Residents complained that a tank on the corner of Weald and Southdowns Avenue was repeatedly being used by builders, and the incident was reported by the Port Alfred Residents and Ratepayers Association.
However, the RA Signs incident was the first time a contractor was caught on camera.
TotT alerted the municipality to the incident last Friday and asked what would be done to stop such abuse.
TotT also contacted RA Signs, and one of the company’s managing members, Belinda Gibson, forwarded a letter she had sent to infrastructure director Noluthando Vithi and her deputy Onke Sopela in response to their queries.
Gibson said a team from RA Signs had come to Port Alfred to do work at the ROPAX Truck Stop site, which consisted of mixing and casting concrete.
“On arrival we were informed there was no water on site, but that the site operator had made arrangements for water to be delivered.
“After 12 midday, we became concerned of the remaining time and needed to find another source,” she said.
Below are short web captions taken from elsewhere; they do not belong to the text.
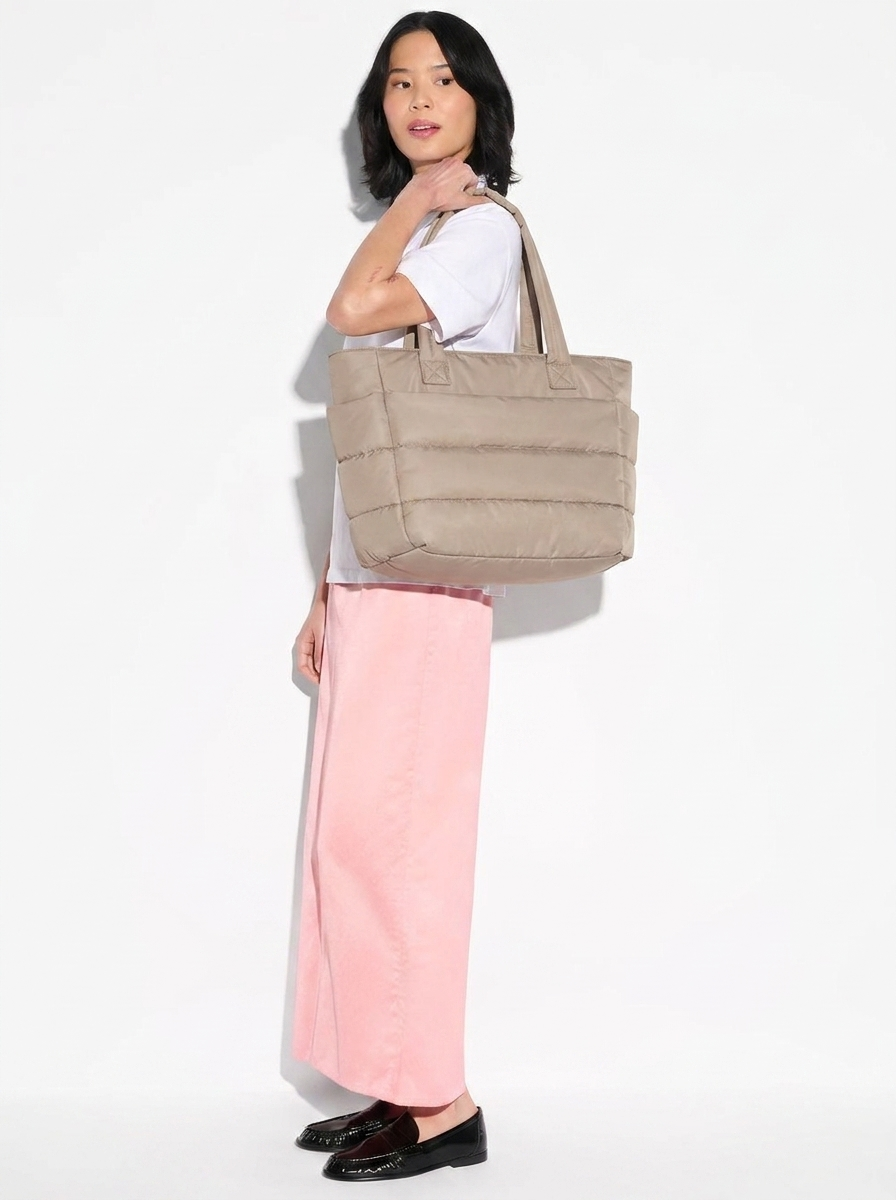 Bolso acolchado PUFFIE LUMARA BAGS kaki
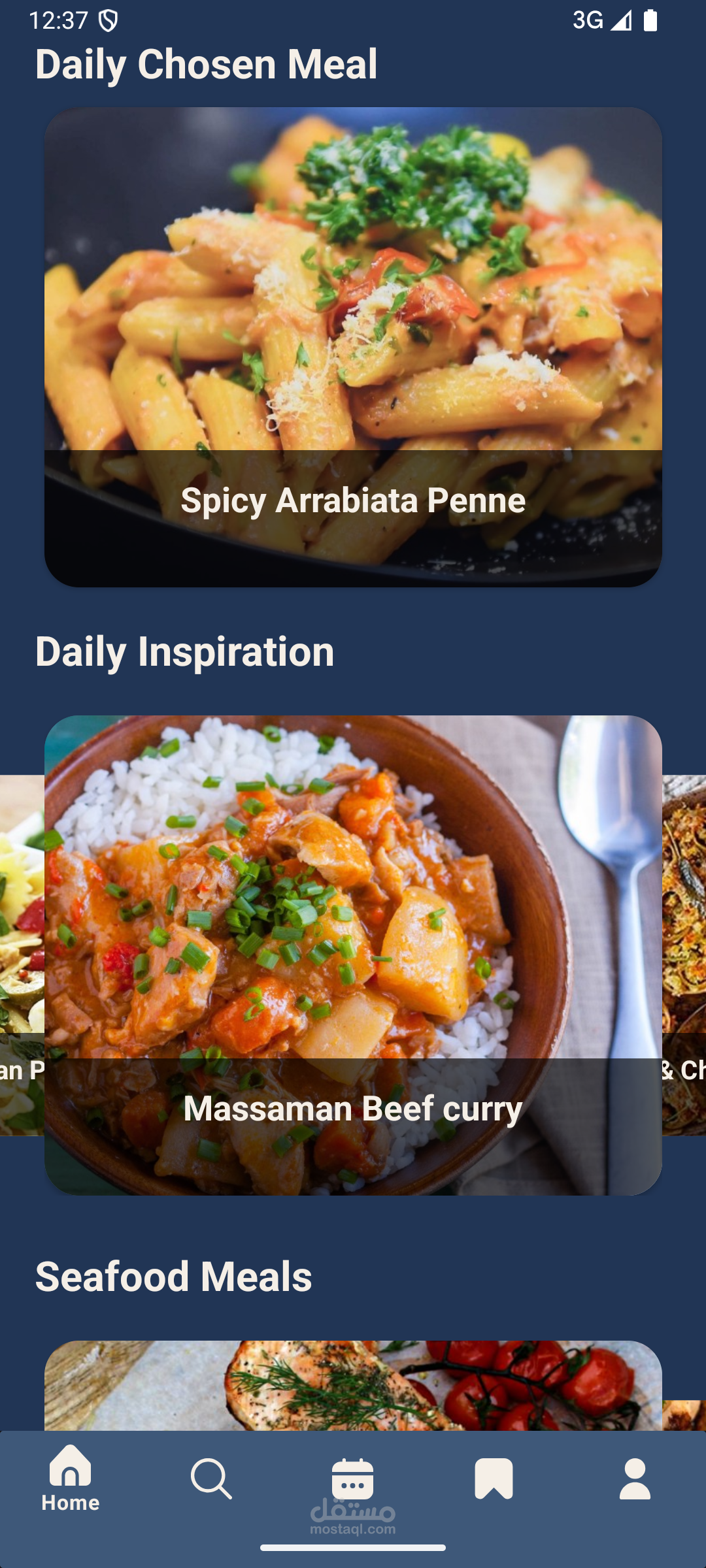 تطبيق تخطيط الوجبات (Food Planner App)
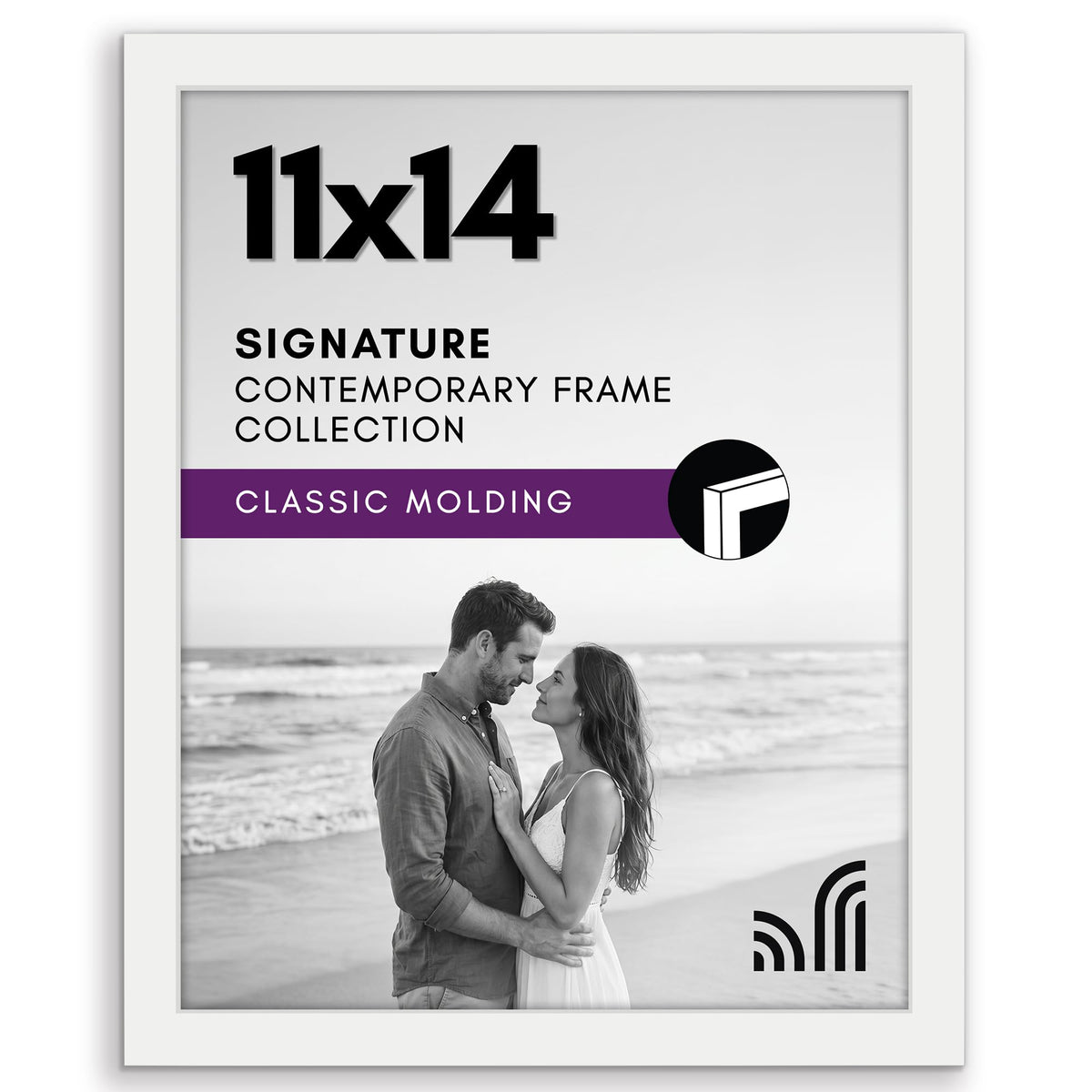 Americanflat 11x17 Picture Frame - Engineered Wood - Black
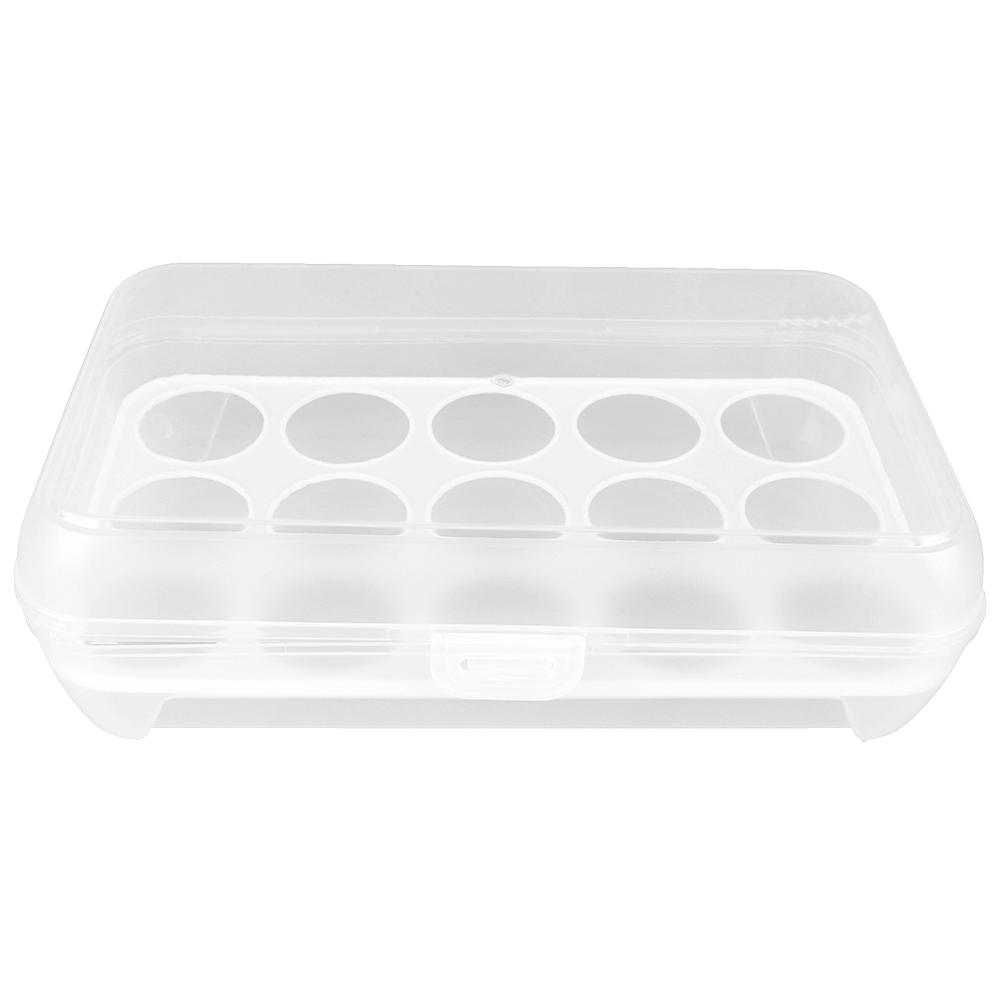 2/4/6/12 Grids Egg Storage Box Home Kitchen Organizer Egg Holder Container Case Portable Outdoor Camping Picnic Eggs Boxes Case: White 15 Grids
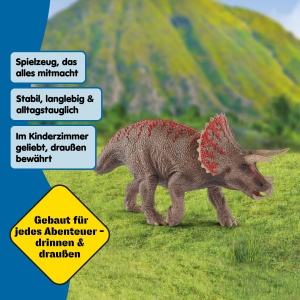 Figurina Dinosaur Triceratops Schleich Detalii realiste, 21 x 5 x 10 cm - Img 6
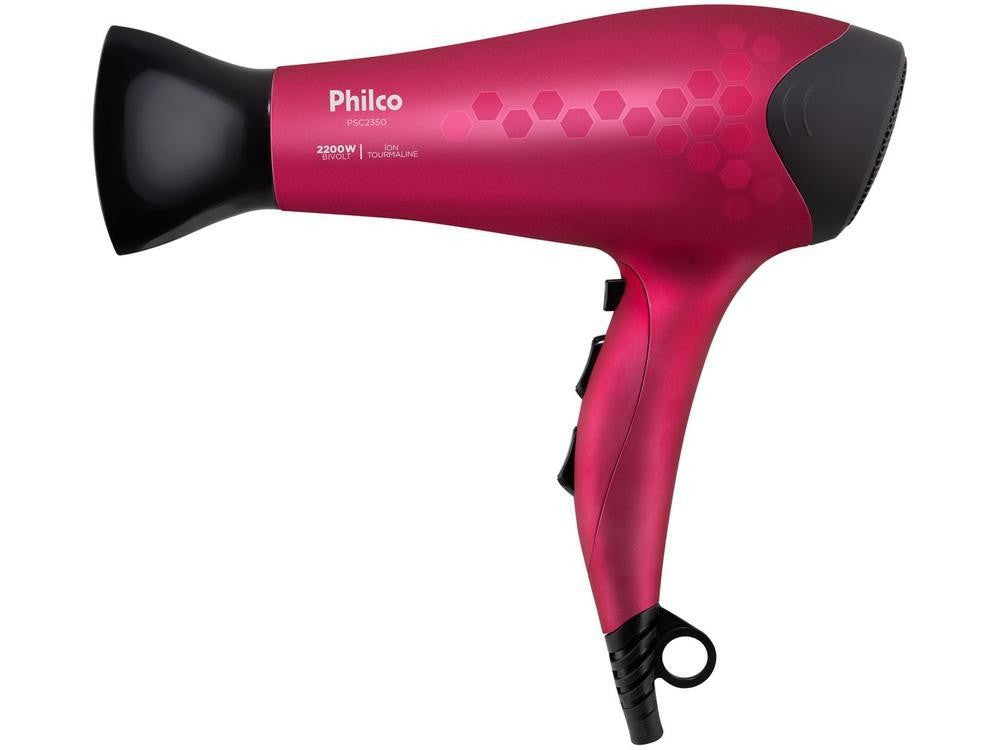 Secador de Pelo Philco Iones Turmalina Cereza 2200W 2 Velocidades PSC2350 - Bivolt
“When asking locals about the location of a river or stream, our team were told that they could get water from a water tank, and were given directions.
“While the team were in the process of filling a container a man approached them, not asking them what they are doing or who gave them permission, but instead recorded them and going on record that we were stealing water.”
Gibson said their 200l blue plastic drum was only about half full at the time of being approached, and they had immediately stopped filling it.
“There are no signs posted in the vicinity that prescribe the intended use of the water – and we were being guided by the locals,” she said.
She said a resident named Danielle had called their office about the water issue at about the same time, and they in turn had phoned the crew on site to confirm that they had stopped using the water.
“I have confirmed with the driver, Martin Erasmus, that this was the only time the team took water from this tank,” she said.
“We would therefore like to formally apologise for this misunderstanding and as a token of good faith, offer to supply a sign that you can have installed on site to inform people about the restricted use of the water tank.”
Municipal spokesperson Cecil Mbolekwa also eventually responded and repeated what Gibson had said.